Probabilistic Inference for Complex Systems

Satellite Session 

2016 Conference on Complex Systems

  • Satellite Session, Tuesday Morning September 20, 2016
  • Conference on Complex Systems, Amsterdam, Holland, September 19-22, 2016
  • Kenric P. Nelson and Mark A. Kon, Boston University, Boston, MA

Correspondence: kenricpn at bu dot edu, 781-645-8564

 

Abstracts

Three practical entropy concepts for complex processes

Rudolf Hanel

It is well known that the concept of entropy does not possess a unique generalization to non-equilibrium processes. This differentiation of the entropy concept however need not be a draw-back. To describe the topology of complex networks one requires more measures than to describe regular lattices. Similarly we require more measures for describing path-dependent non-equilibrium processes than we would for describing systems or processes in equilibrium. So far we have identified three distinct entropy related concepts that have a practical meaning in the context of complex path-dependent processes; entropy production, the extensive entropy, and the maximum entropy functional or generalized divergence. The first telling us how compressible a sequence is, the second, how the phase-space of the process grows, and the third, for performing statistical inference, providing a starting point for the information theory of complex systems. In equilibrium systems those three measures yield identical results, while in path-dependent systems the concepts are distinct. In this talk we will briefly introduce and discuss these three concepts.

 

Estimation of generalized entropies and similarity measures

Francesc Font-Clos, Martin Gerlach, Eduardo Altmann

Estimating entropy measures from finite-size samples is a problem of great interest in several fields. We will show that when the underlying distributions are heavy tailed, even very large sample sizes lead to considerable biases in the estimations. This poses a problem for studies based on estimations of entropy-based distances between symbolic sequences.

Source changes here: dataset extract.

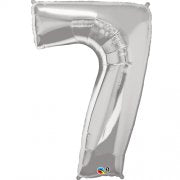 SILVER FOIL NUMBER BALLOON WITH HELIUM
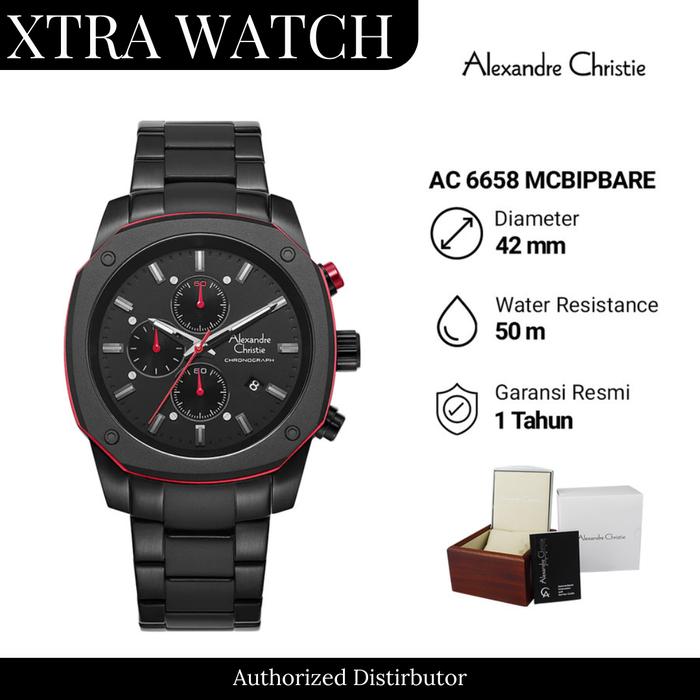 Jam Tangan Pria AC Alexandre Christie 6658 Original Chronograph - Black List Red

As a solution, we will propose a family of similarity measures based on the generalized entropy of order alpha, for which the bias in the estimations decays much faster. If time allows, I will discuss some applications to the study of the evolution of the English vocabulary over time.

 

A unifying perspective on probability scoring rules and calibration curves

Kenric Nelson

The emergence of machine learning capabilities for deriving patterns from data has highlighted the need to effectively manage and assess probabilistic inferences. A variety of methods are used to evaluate the performance of probabilistic inferences or forecasts. Examples include calibration curves, scoring rules, and when applied to decisions such metrics as receiver operating characteristic. Despite several decades of research in this area, a consensus of appropriate metrics is still allusive. A perspective on the issue is provided here by showing that local scoring rules can be translated back to the probability domain and thereby represent mean forecasts. This clarifies the interpretation of the scoring rule and enables the performance metric to be visualized in conjunction with probability calibration curves. The approach draws upon generalizations of information theory developed from the study of complex nonlinear systems.

 

Networks of influence: transmission of information in systems of cooperative decision makers

Malgorzata Turalska, Bruce J. West

In a society interconnected by family ties, friendships, acquaintances or work relations it is unavoidable that a person’s behaviors or decisions depend on the choices made by other people. The surrounding social network influences the opinions we hold, the products we buy and the activities we pursue. In this context we study a decision making model (DMM) incorporating imitation as a sole mean of opinion and information sharing across the social network. We investigate how such a system of stochastic two-state agents, communicating through local interactions, is topologically complex and is manifesting temporal complexity through an inverse power-law probability distribution function in the switching times between the two critical states of consensus. We demonstrate how the dynamics of a single network element can be tied through fractional master equation to the behavior of the entire system and we discuss possible application of this approach to control of complex systems.